The default value of mm is 100% (meaning that all clauses must match).

The pf (Phrase Fields) Parameter

Once the list of matching documents has been identified using the fq and qf parameters, the pf parameter can be used to "boost" the score of documents in cases where all of the terms in the q parameter appear in close proximity.

The format is the same as that used by the qf parameter: a list of fields and "boosts" to associate with each of them when making phrase queries out of the entire q parameter.

The ps (Phrase Slop) Parameter

The ps parameter specifies the amount of "phrase slop" to apply to queries specified with the pf parameter. Phrase slop is the number of positions one token needs to be moved in relation to another token in order to match a phrase specified in a query.

The qs (Query Phrase Slop) Parameter

The qs parameter specifies the amount of slop permitted on phrase queries explicitly included in the user’s query string with the qf parameter. As explained above, slop refers to the number of positions one token needs to be moved in relation to another token in order to match a phrase specified in a query.
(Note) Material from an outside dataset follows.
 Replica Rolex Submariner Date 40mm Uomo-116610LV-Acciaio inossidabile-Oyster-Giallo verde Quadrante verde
The tie (Tie Breaker) Parameter

The tie parameter specifies a float value (which should be something much less than 1) to use as tiebreaker in DisMax queries.

When a term from the user’s input is tested against multiple fields, more than one field may match. If so, each field will generate a different score based on how common that word is in that field (for each document relative to all other documents). The tie parameter lets you control how much the final score of the query will be influenced by the scores of the lower scoring fields compared to the highest scoring field.
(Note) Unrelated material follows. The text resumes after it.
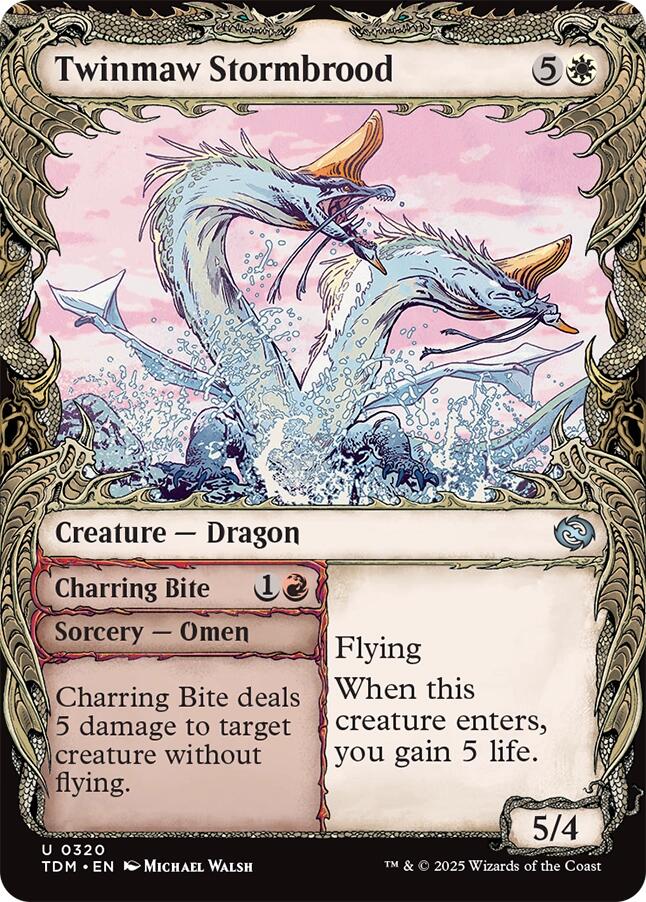 Twinmaw Stormbrood (Showcase) [Tarkir: Dragonstorm] | The Time Vault CA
A value of "0.0" - the default - makes the query a pure "disjunction max query": that is, only the maximum scoring subquery contributes to the final score. A value of "1.0" makes the query a pure "disjunction sum query" where it doesn’t matter what the maximum scoring sub query is, because the final score will be the sum of the subquery scores. Typically a low value, such as 0.1, is useful.

The bq (Boost Query) Parameter

The bq parameter specifies an additional, optional, query clause that will be added to the user’s main query to influence the score. For example, if you wanted to add a relevancy boost for recent documents:

q=cheese
bq=date:[NOW/DAY-1YEAR TO NOW/DAY]

You can specify multiple bq parameters. If you want your query to be parsed as separate clauses with separate boosts, use multiple bq parameters.

The bf (Boost Functions) Parameter

The bf parameter specifies functions (with optional boosts) that will be used to construct FunctionQueries which will be added to the user’s main query as optional clauses that will influence the score. Any function supported natively by Solr can be used, along with a boost value. For example:

recip(rord(myfield),1,2,3)^1.5

Specifying functions with the bf parameter is essentially just shorthand for using the bq param combined with the {!func} parser.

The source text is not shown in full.